- WHAT IS BEING ASKED -
From the records below, print only the part that opens with the line containing "Book Sellers Along" and closes with the line containing "A George III silver wine funnel, London 1809"; omit the pictures.

- ENTRIES SUPPLIED -
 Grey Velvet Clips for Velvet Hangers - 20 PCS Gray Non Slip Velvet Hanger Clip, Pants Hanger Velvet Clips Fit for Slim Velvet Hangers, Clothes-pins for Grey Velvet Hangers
--
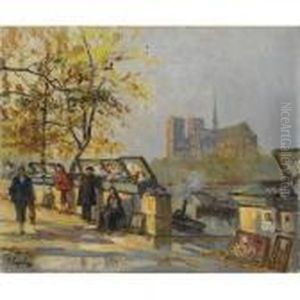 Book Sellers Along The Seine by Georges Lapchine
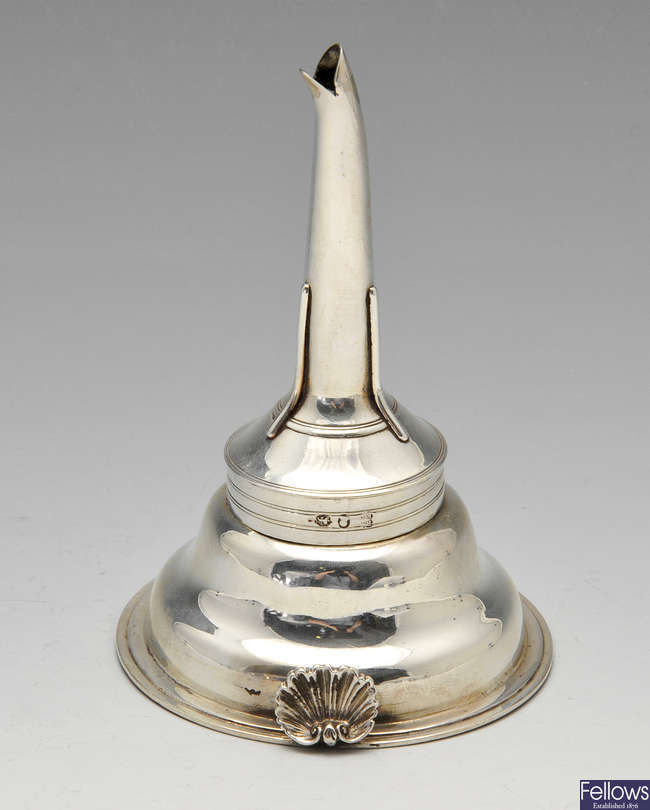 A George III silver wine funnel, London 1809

- RESULT FOR THIS EXERCISE -
 Book Sellers Along The Seine by Georges Lapchine
 A George III silver wine funnel, London 1809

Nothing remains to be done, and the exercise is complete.